When we speak of “peacetime”, what we most often mean is the time between wars which engage us as a nation. When we look outside of this narrow definition, it is difficult or impossible to find even a few weeks of what most would consider “peace”.
It is said that if one loves peace one must constantly prepare for war. It is a fact that the first Americans, the peoples who have been called American Indians for centuries, lived at war. They killed their meat, fought their enemies with the best weapons at hand, sired children, and lived from the land. They were, and many still are, exceptional examples of guerilla warriors. It was from these warriors that the American frontiersmen learned how to fight, and that numerical and technological superiority did not always mean victory. From the beginning Americans have been at war or preparing for it.
As a people, Americans are unique. Ours is the only nation which guarantees that each citizen has the right to be armed, a freedom exercised by over thirty million hunters alone every year.
America has been called “a nation of riflemen” and I can see little room to debate this. In many communities schools close for the opening few days of deer season and twelve year old children carrying high powered rifles sneak into the wilderness to, as the mountain men said, ‘make meat.” It is their intent to kill, eviscerate, and drag home the carcass of a deer, elk, moose, or any animal that will feed their family. Perhaps this is why and how American warriors have become the criteria by which all fighting men and women are measured. We are a tough people, and we have never stopped learning the skills which put food on the family table and allow us to be prepared always for war or peace.

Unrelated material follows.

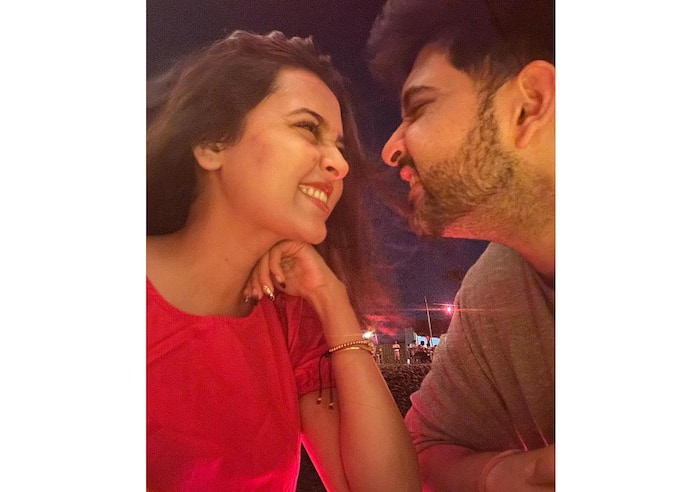 फोटोज पर करण कुंद्रा का रोमांटिक कमेंट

If we are very lucky most of us will live out our lives without facing an enemy in battle. For this, we can offer our thanks to God and to all of the warriors who constantly train for war that we may have peace.
Master Chief Tom Keith, US Navy, SEAL Team 2, retired, is a very rare man in the company of rare men. He embodies the honor, courage, and skill at arms which assures that America will always be free and ready for war. He has survived in circumstances under which most men, myself included, would have failed, and died. He has trained future warriors, and those warriors have trained more warriors.
I have tried to do justice to Tom and to the other SEALs who served with him through three tours of duty in Vietnam. I have done my best to represent accurately those who fought at his side in and out of the SEALs, dates and times when important , weapons used, and a few of the women who played a part in Tom’s life and times. It has been an honor to know Tom, to earn his trust, and to work with him on his first book. I sincerely hope that I have helped to portray the Master Chief as he is, a man of rare skills, immense courage, and patriotism. If there is any failure to tell Tom’s story accurately it is mine.